**Problem:**
Only the lines from the one containing "Lot 408 - Silver" through the last line of the data below belong in your answer, copied exactly and without pictures.

**Supplied data:**
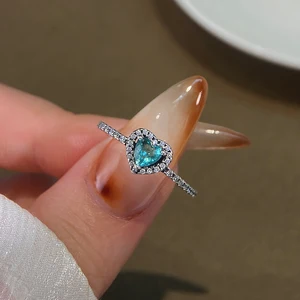 Real 925 Sterling Silver Brilhante Amor Anel Coração para Mulheres, Zircão Lindo, Alta Qualidade, Jóias de Luxo Fino, Noivado e Casamento 10 principais vendas argola de brilho - №1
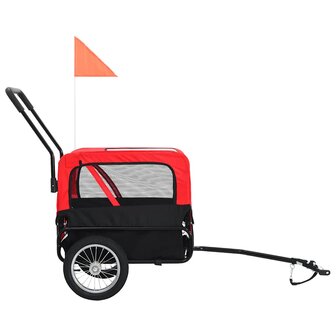 Huisdierenfietskar en joggingbuggy 2-in-1 rood en zwart 3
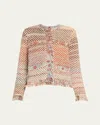 Veronica Beard Sariyah Knit Jacket In Red Multi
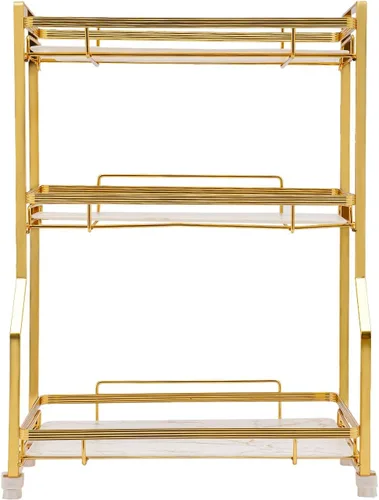 Vista 7 de Organizador de mostrador de baño de 3 niveles, organizador de perfume dorado de acero inoxidable, organizador de maquillaje, estante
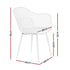 4PC Outdoor Dining Chairs PP Lounge Chair Patio Furniture Garden White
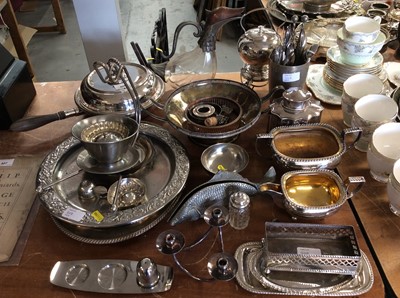 Lot 408 - Silver plated circular entree dish, goose claret jug and other metalwares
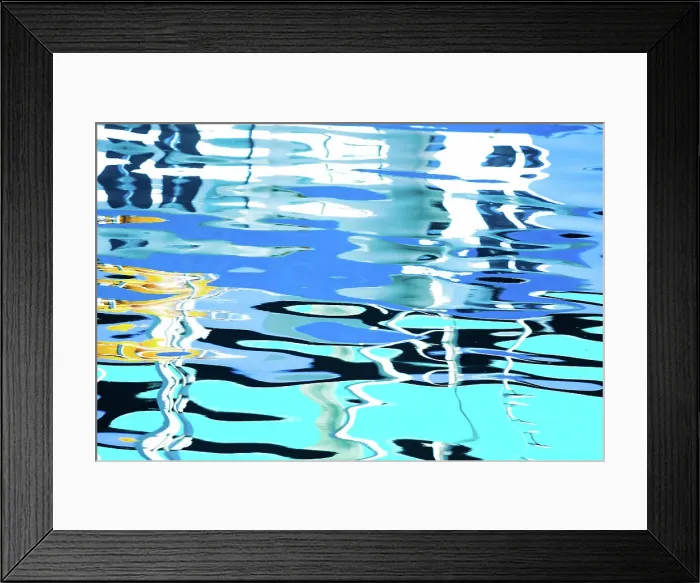 Framed Print : Blue white and green colours of a fishing boat reflected in calm seawater. Port Lincoln wharf. South Australia Framed Print : Blue white and green colours of a fishing boat reflected in calm seawater. Port Lincoln wharf. South Australia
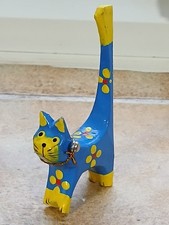 Souvenir 4" Ring Tree Blue + Yellow Cat Painted Wood From Malta VTG 80s VGC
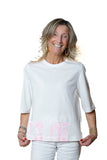 Tshirt in cotone bianca dipinta a mano IT'S ME bianco rosa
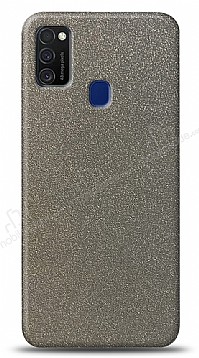 Dafoni Samsung Galaxy M21 Silver Parlak Simli Telefon Kaplama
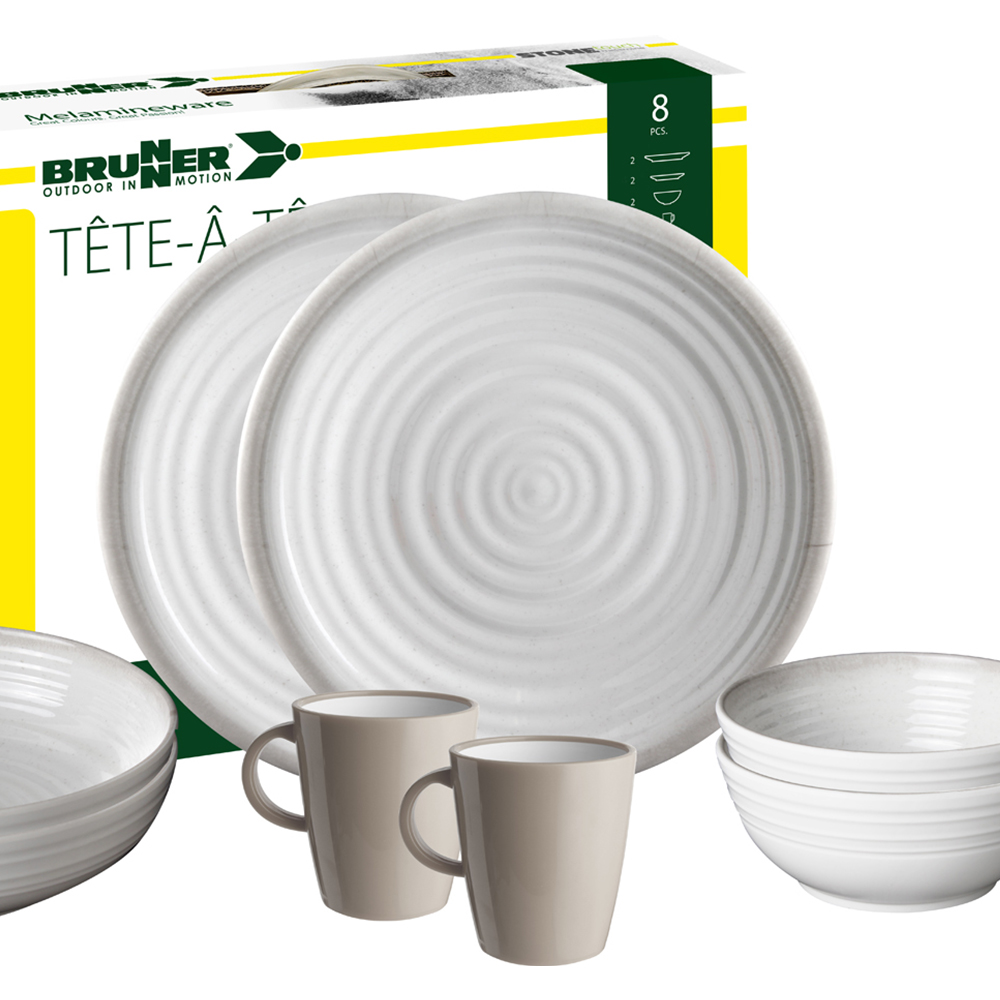 Tableware set - Brunner Melamine Tableware Set Tête-à-tête Savana Gray 8pcs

**Task result:**
 Lot 408 - Silver plated circular entree dish, goose claret jug and other metalwares
 Framed Print : Blue white and green colours of a fishing boat reflected in calm seawater. Port Lincoln wharf. South Australia Framed Print : Blue white and green colours of a fishing boat reflected in calm seawater. Port Lincoln wharf. South Australia
 Souvenir 4" Ring Tree Blue + Yellow Cat Painted Wood From Malta VTG 80s VGC
 Tshirt in cotone bianca dipinta a mano IT'S ME bianco rosa
 Dafoni Samsung Galaxy M21 Silver Parlak Simli Telefon Kaplama
 Tableware set - Brunner Melamine Tableware Set Tête-à-tête Savana Gray 8pcs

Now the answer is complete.